[Rd] [R] variance/mean

Tue Mar 24 02:17:41 CET 2009

Doesn't Fortran still require that the arguments to
a function not alias each other (in whole or in part)?
I could imagine that var() might call into Fortran code
(BLAS or LAPACK).  Wouldn you want to chance erroneous
results  at a high optimization level to save a bit of
time in an unusual situation?

(I could also imagine someone changing the R interpreter
so that x and x[-length(x)] could share the same memory
block and that could cause Fortran aliasing problems as
well.)

Bill Dunlap
TIBCO Software Inc - Spotfire Division
wdunlap tibco.com  

> -----Original Message-----
> From: r-devel-bounces at r-project.org 
> [mailto:r-devel-bounces at r-project.org] On Behalf Of Wacek Kusnierczyk
> Sent: Monday, March 23, 2009 4:40 PM
> To: r-devel at r-project.org
> Cc: r-help at r-project.org; rkevinburton at charter.net; Bert Gunter
> Subject: Re: [Rd] [R] variance/mean
> 
> 
> (this post suggests a patch to the sources, so i allow myself 
> to divert
> it to r-devel)
> 
> Bert Gunter wrote:
> > x a numeric vector, matrix or data frame. 
> > y NULL (default) or a vector, matrix or data frame with compatible
> > dimensions to x.
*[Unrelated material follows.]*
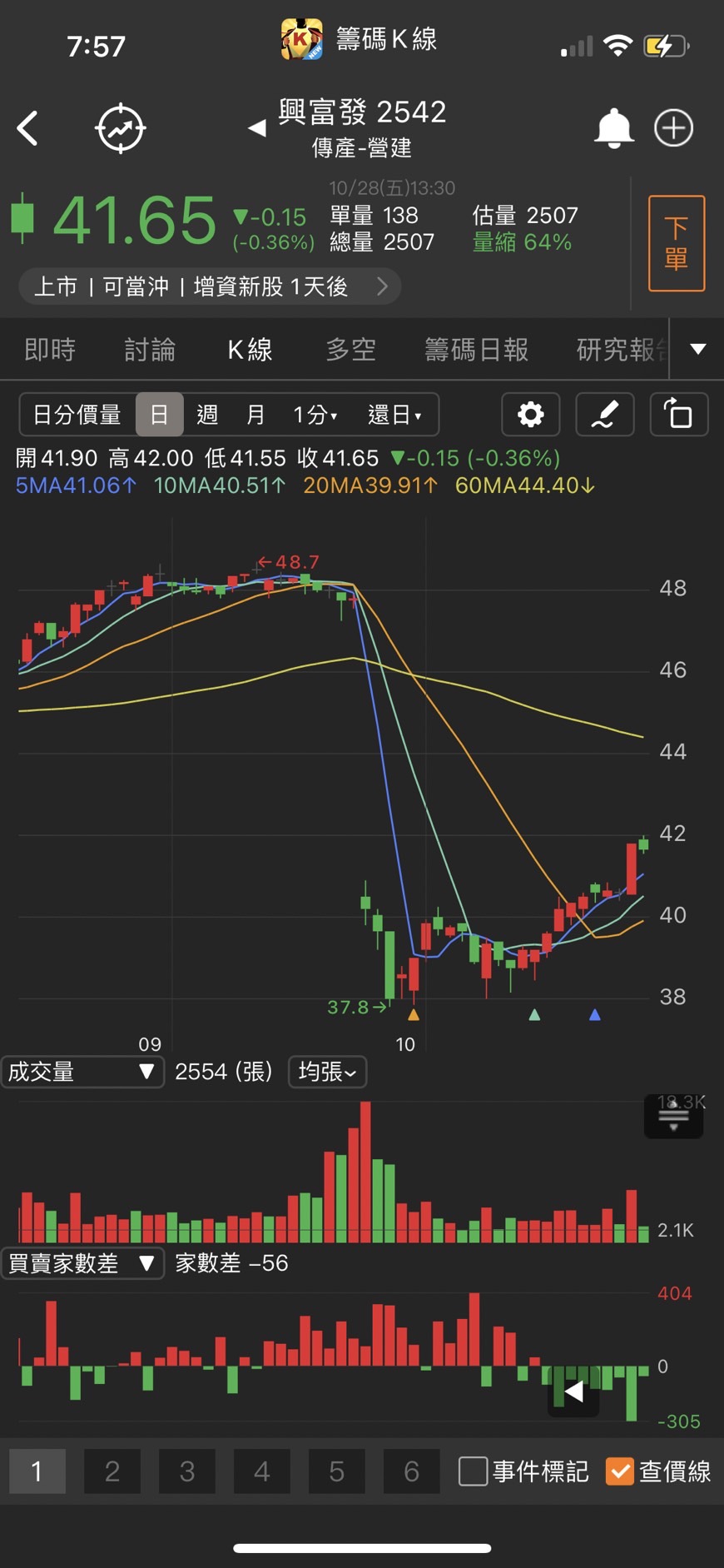 中華電（2412）近日話題不斷，隨法說在即，三大法人率先狂買16天，股價創5年來新高點！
The default is equivalent to y = x (but 
> more efficient). 
> >
> >   
> bert points to an interesting fragment of ?var:  it suggests that
> computing var(x) is more efficient than computing var(x,x), for any x
> valid as input to var.  indeed:
> 
>     set.seed(0)
>     x = matrix(rnorm(10000), 100, 100)
> 
>     library(rbenchmark)
>     benchmark(replications=1000, columns=c('test', 'elapsed'),
>        var(x),
>        var(x, x))
>     #        test elapsed
>     # 1    var(x)   1.091
>     # 2 var(x, x)   2.051
> 
> that's of course, so to speak, unreasonable:  for what var(x) does is
> actually computing the covariance of x and x, which should be the same
> as var(x,x). 
> 
> the hack is that if y is given, there's an overhead of memory 
> allocation
> for *both* x and y when y is given, as seen in src/main/cov.c:720+.
> incidentally, it seems that the problem can be solved with a 
> trivial fix
> (see the attached patch), so that
> 
>     set.seed(0)
>     x = matrix(rnorm(10000), 100, 100)
> 
>     library(rbenchmark)
>     benchmark(replications=1000, columns=c('test', 'elapsed'),
>        var(x),
>        var(x, x))
>     #        test elapsed
>     # 1    var(x)   1.121
>     # 2 var(x, x)   1.107
> 
> with the quick checks
> 
>     all.equal(var(x), var(x, x))
>     # TRUE
>    
>     all(var(x) == var(x, x))
>     # TRUE
> 
> and for cor it seems to make cor(x,x) slightly faster than 
> cor(x), while
> originally it was twice slower:
> 
>     # original
>     benchmark(replications=1000, columns=c('test', 'elapsed'),
>        cor(x),
>        cor(x, x))
>     #        test elapsed
>     # 1    cor(x)   1.196
>     # 2 cor(x, x)   2.253
>    
>     # patched
>     benchmark(replications=1000, columns=c('test', 'elapsed'),
>        cor(x),
>        cor(x, x))
>     #        test elapsed
>     # 1    cor(x)   1.207
>     # 2 cor(x, x)   1.204
> 
> (there is a visible penalty due to an additional pointer 
> test, but it's
> 10ms on 1000 replications with 10000 data points, which i think is
> negligible.)
> 
> > This is as clear as I would know how to state. 
> 
> i believe bert is right.
> 
> however, with the above fix, this can now be rewritten as:
> 
> "
> x: a numeric vector, matrix or data frame. 
> y: a vector, matrix or data frame with dimensions compatible 
> to those of x. 
> By default, y = x. 
> "
> 
> which, to my simple mind, is even more clear than what bert would know
> how to state, and less likely to cause the sort of confusion that
> originated this thread.
> 
> the attached patch suggests modifications to src/main/cov.c and
> src/library/stats/man/cor.Rd.
> it has been prepared and checked as follows:
> 
>     svn co https://svn.r-project.org/R/trunk trunk
>     cd trunk
>     # edited the sources
>     svn diff > cov.diff
>     svn revert -R src
>     patch -p0 < cov.diff
> 
>     tools/rsync-recommended
>     ./configure
>     make
>     make check
>     bin/R
>     # subsequent testing within R
> 
> if you happen to consider this patch for a commit, please be sure to
> examine and test it carefully first.
> 
> vQ
>